• PROVIDED INFORMATION

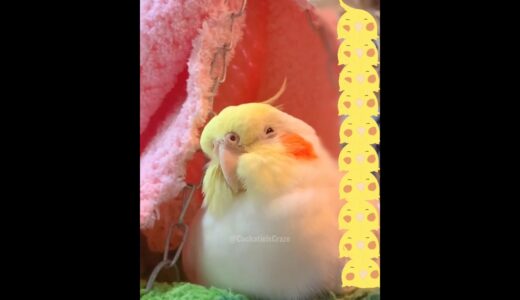 Adorable Cockatiel Charlie’s Cute Cozy Moments 🥰🦜🥹 #cockatielscraze #birdscharm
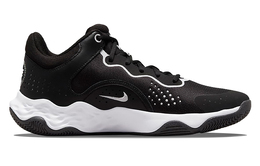 Мужские баскетбольные кроссовки Nike Fly By Mid 3 dd9311-003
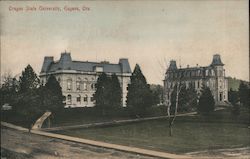 Oregon State University Postcard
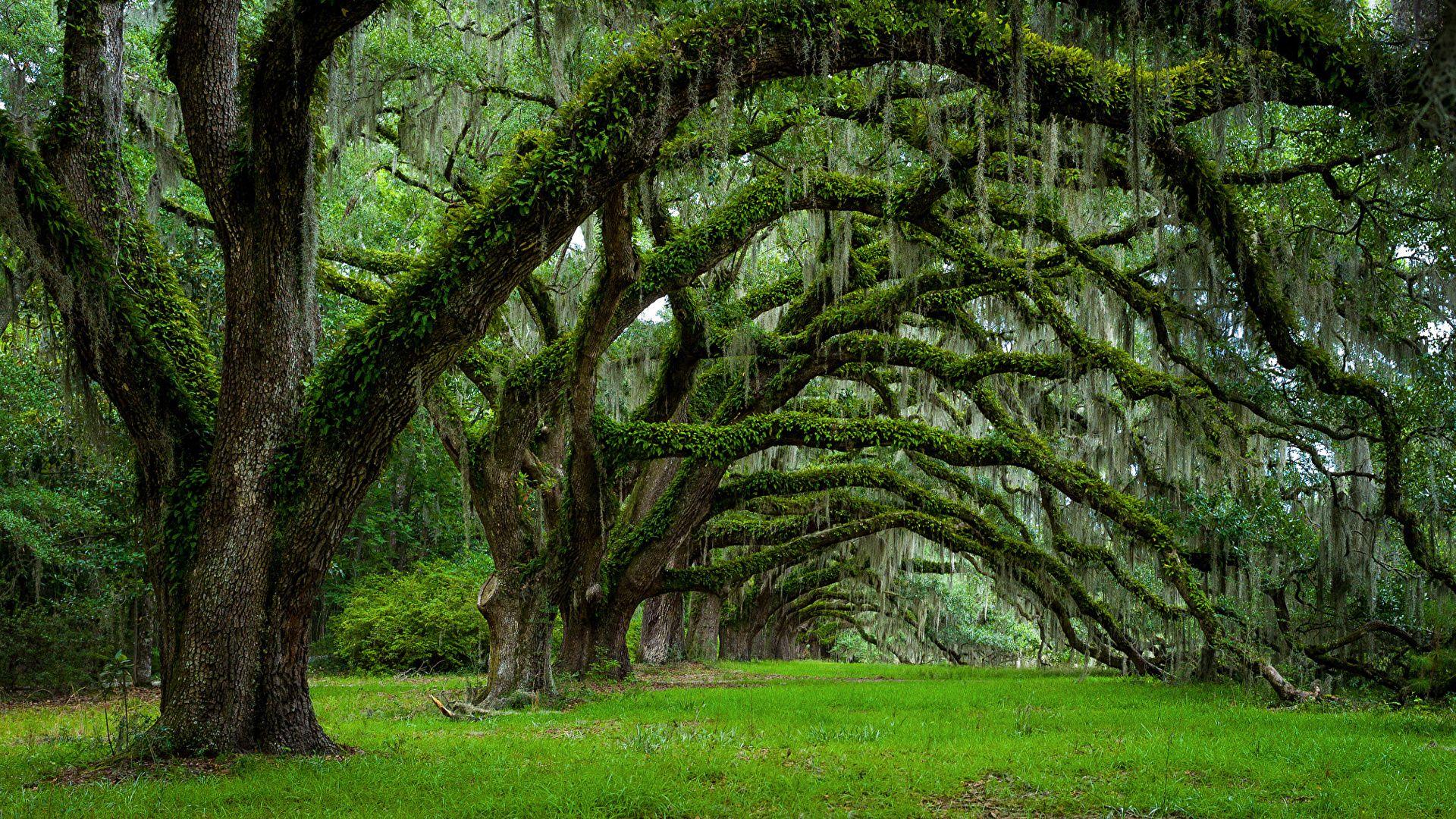 Photo USA Charleston South Carolina Nature Spring Moss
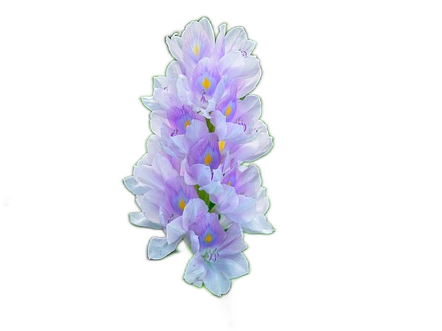 A delicate lilac purple and white bunch of water hyacinth flowers with blue and yellow centers.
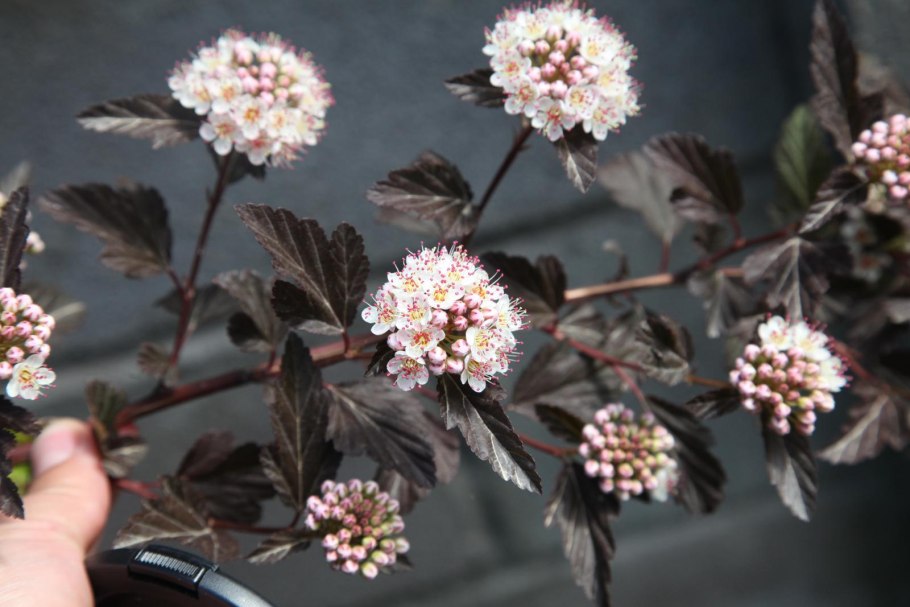 Пузыреплодник калинолистный стрижка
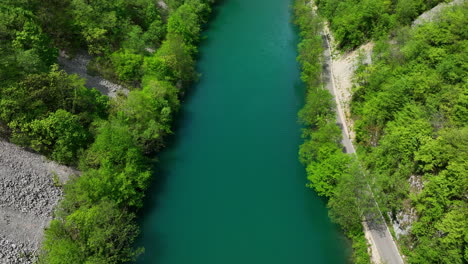 Luftaufnahme-Eines-Leuchtend-Grünen-Flusses,-Der-Sich-Durch-Einen-Dichten-Wald-Schlängelt,-Mit-Frühfrühlingsfarbenem-Laub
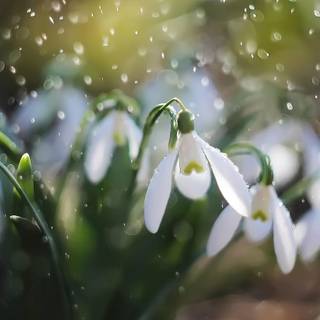 Snowdrops wallpaper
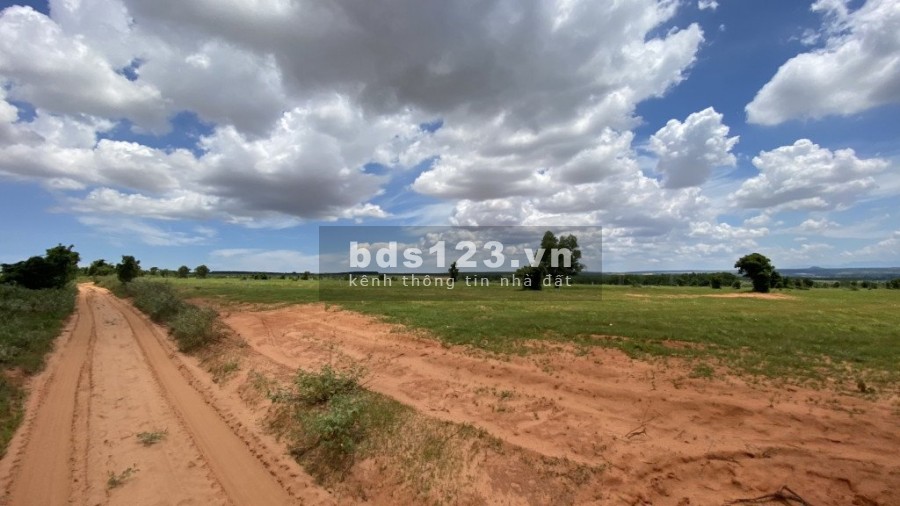 Chính chủ cần bán 4,567m2 TT. Lương Sơn, Bắc Bình, Bình Thuận liên hệ 0782335571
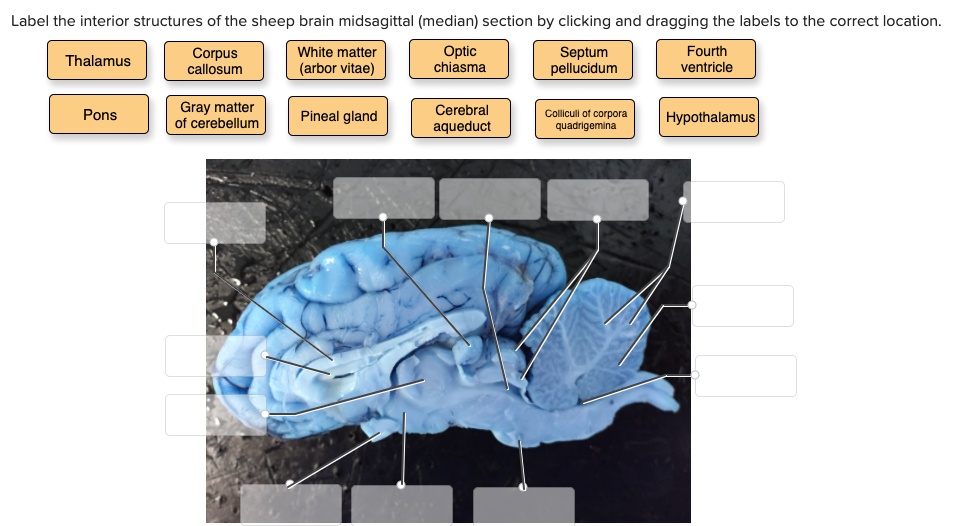 label the interior structures of the sheep brain midsagittal median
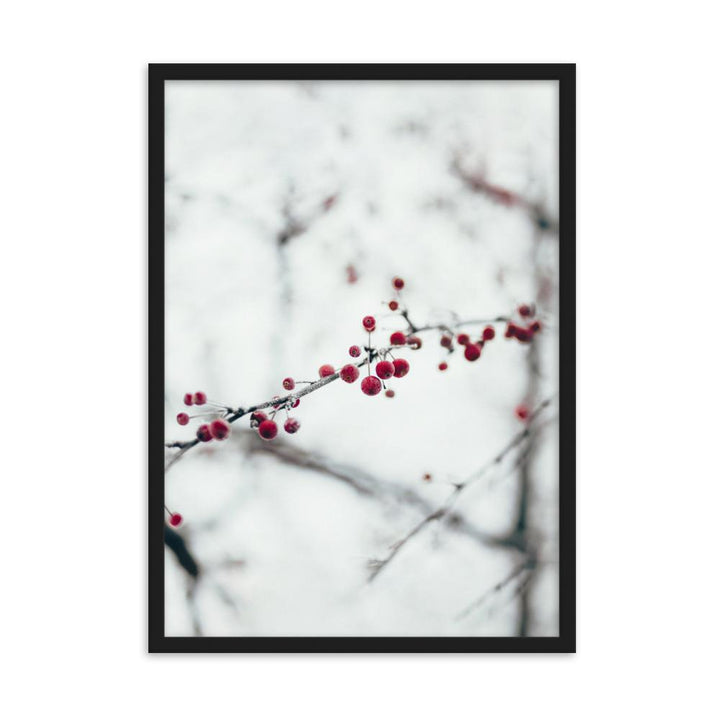 Winterbeeren Winterberries - Poster im Rahmen artlia Schwarz / 50×70 cm artlia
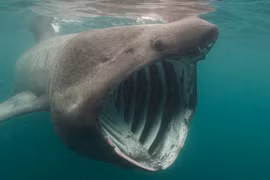 Điểm mặt 13 “hung thần đại dương” khét tiếng nhất thế giới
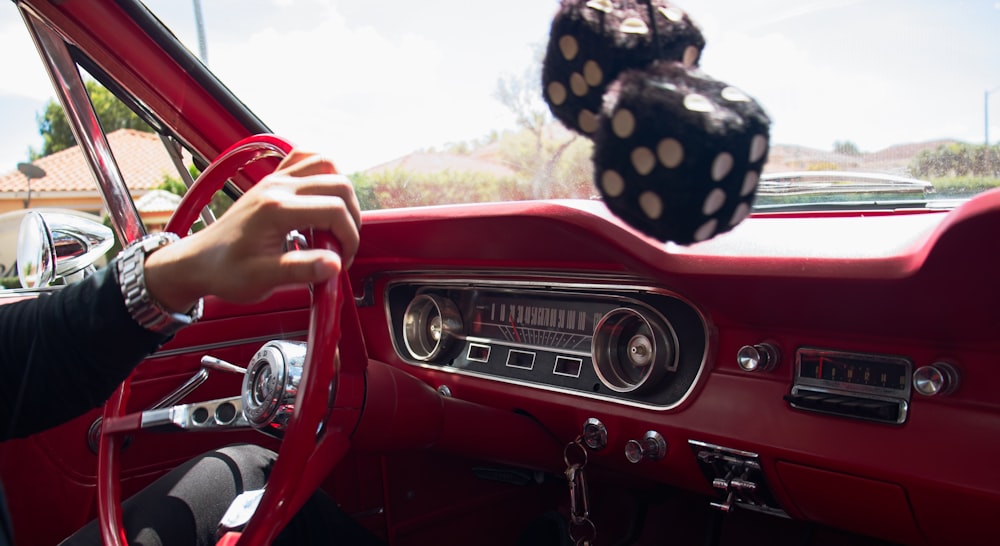 a person holding a butterfly in a car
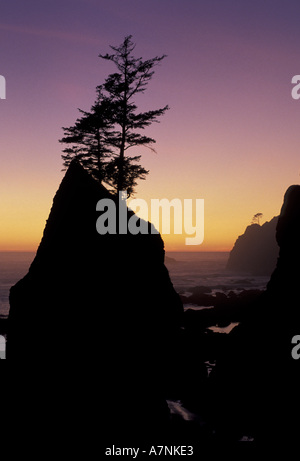 N.A, USA, Washington, Olympic Nat'l Park, seul arbre sur seastack au coucher du soleil, Shi Shi beach Banque D'Images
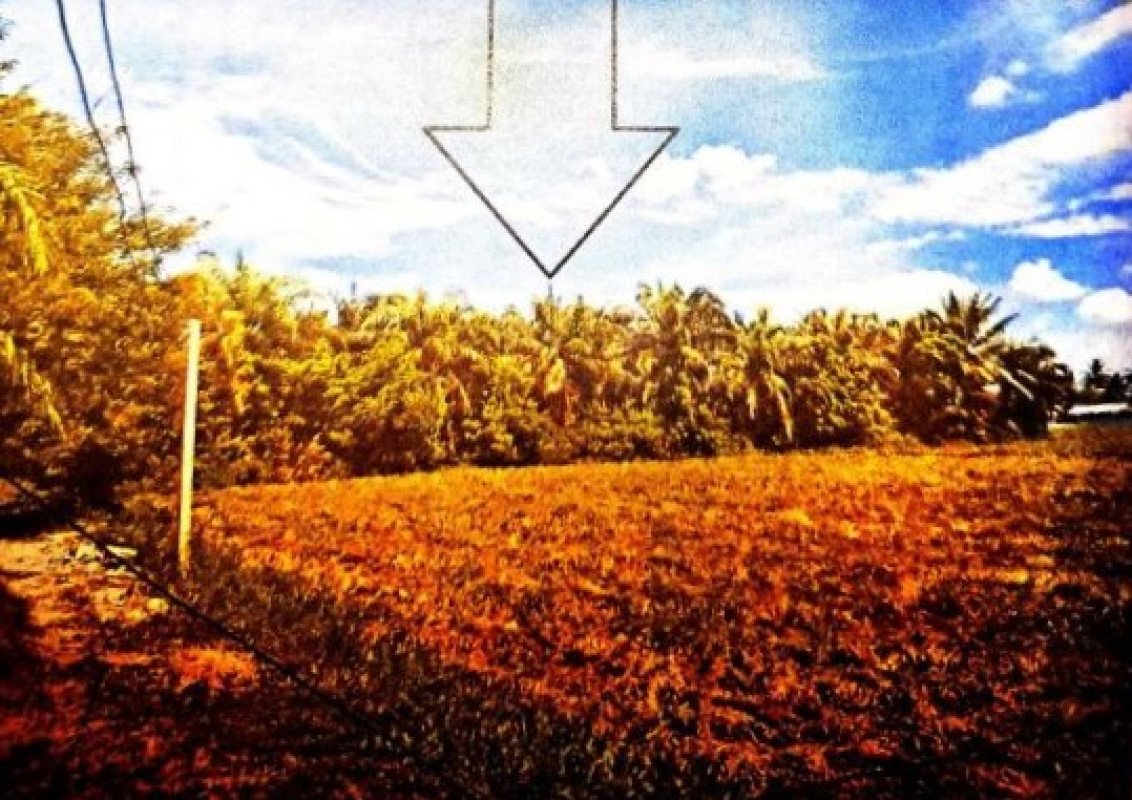 Residential land/lot Nakhon Si Thammarat Mueang Nakhon Si Thammarat Tha Sak 1606000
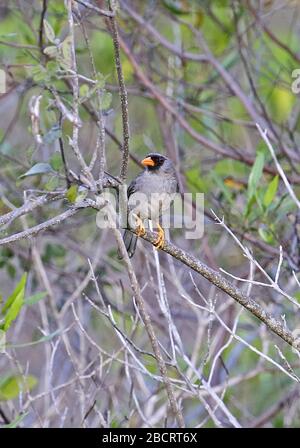 Inca-finch (Incaspiza ortizi) adulte perché sur la branche nord du Pérou Mars Banque D'Images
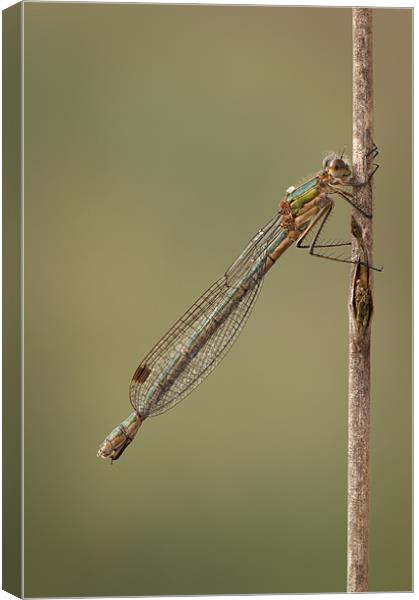 Female Emerald Damselfly Canvas Print by Natures' Canvas: Wall Art  & Prints by Andy Astbury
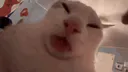 :Chat_je_lick_tout:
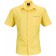 color:yellow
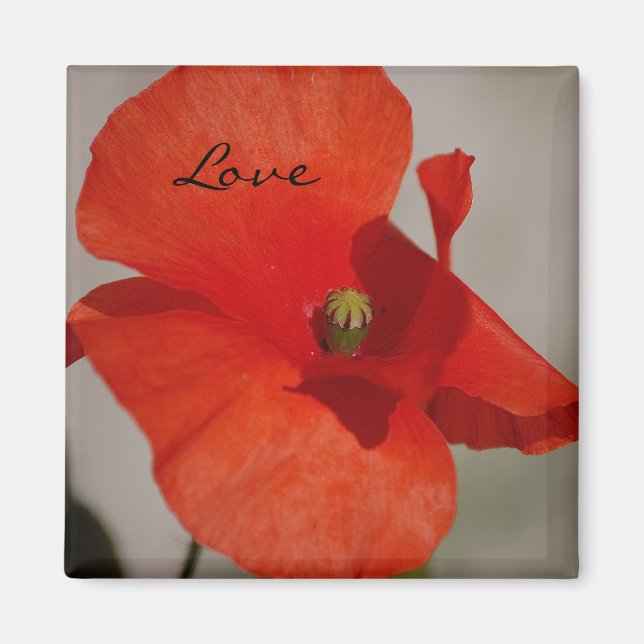 Love Poppy Magnet (Front)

• WHAT YOU NEED TO DO
Please retype, exactly and with the pictures left out, the lines from the line containing "Luftaufnahme-E" through the last line of the records above.

• ANSWER FOR THE TASK
 Luftaufnahme-Eines-Leuchtend-Grünen-Flusses,-Der-Sich-Durch-Einen-Dichten-Wald-Schlängelt,-Mit-Frühfrühlingsfarbenem-Laub
 Snowdrops wallpaper
 Chính chủ cần bán 4,567m2 TT. Lương Sơn, Bắc Bình, Bình Thuận liên hệ 0782335571
 label the interior structures of the sheep brain midsagittal median
 Winterbeeren Winterberries - Poster im Rahmen artlia Schwarz / 50×70 cm artlia
 Điểm mặt 13 “hung thần đại dương” khét tiếng nhất thế giới
 a person holding a butterfly in a car
 N.A, USA, Washington, Olympic Nat'l Park, seul arbre sur seastack au coucher du soleil, Shi Shi beach Banque D'Images
 Residential land/lot Nakhon Si Thammarat Mueang Nakhon Si Thammarat Tha Sak 1606000
 Inca-finch (Incaspiza ortizi) adulte perché sur la branche nord du Pérou Mars Banque D'Images
 Female Emerald Damselfly Canvas Print by Natures' Canvas: Wall Art  & Prints by Andy Astbury
 :Chat_je_lick_tout:
 color:yellow
 Love Poppy Magnet (Front)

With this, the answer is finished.